1. "Not a number compares" false with itself but will have identical bit patterns.

2. -0.0 is defined to compare true with +0.0, and their bit patterns are different.

So if both a and b are Double.NaN, you will reach the else clause, but since NaN - NaN also returns NaN, you will not be dividing by zero.

You shouldn't ever compare floats or doubles for equality; because, you can't really guarantee that the number you assign to the float or double is exact.

To compare floats for equality sanely, you need to check if the value is "close enough" to the same value:

if ((first >= second - error) || (first <= second + error)

In Java, a - b is never equal to 0 if a != b. This is because Java mandates IEEE 754 floating point operations which support denormalized numbers. From the spec:

In particular, the Java programming language requires support of IEEE 754 denormalized floating-point numbers and gradual underflow, which make it easier to prove desirable properties of particular numerical algorithms. Floating-point operations do not "flush to zero" if the calculated result is a denormalized number.

If an FPU works with denormalized numbers, subtracting unequal numbers can never produce zero (unlike multiplication), also see this question.

For other languages, it depends. In C or C++, for example, IEEE 754 support is optional.

That said, it is possible for the expression 2 / (a - b) to overflow, for example with a = 5e-308 and b = 4e-308.

As a workaround, what about the following?

public double calculation(double a, double b) {
double c = a - b;
if (c == 0)
{
return 0;
}
else
{
return 2 / c;
}
}

That way you don't depend on IEEE support in any language.

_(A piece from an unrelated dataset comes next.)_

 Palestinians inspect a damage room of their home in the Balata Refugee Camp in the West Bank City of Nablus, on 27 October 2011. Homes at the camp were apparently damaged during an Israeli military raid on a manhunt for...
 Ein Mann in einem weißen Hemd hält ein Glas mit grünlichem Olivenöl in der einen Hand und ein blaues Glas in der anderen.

There is no case where a division by zero can happen here.

The SMT Solver Z3 supports precise IEEE floating point arithmetic. Let's ask Z3 to find numbers a and b such that a != b && (a - b) == 0:

(set-info :status unknown)
(set-logic QF_FP)
(declare-fun b () (FloatingPoint 8 24))
(declare-fun a () (FloatingPoint 8 24))
(declare-fun rm () RoundingMode)
(assert
(and (not (fp.eq a b)) (fp.eq (fp.sub rm a b) +zero) true))
(check-sat)

The result is UNSAT. There are no such numbers.

The above SMTLIB string also allows Z3 to pick an arbitrary rounding mode (rm). This means that the result holds for all possible rounding modes (of which there are five). The result also includes the possibility that any of the variables in play might be NaN or infinity.

a == b is implemented as fp.eq quality so that +0f and -0f compare equal. The comparison with zero is implemented using fp.eq as well. Since the question is aimed at avoiding a division by zero this is the appropriate comparison.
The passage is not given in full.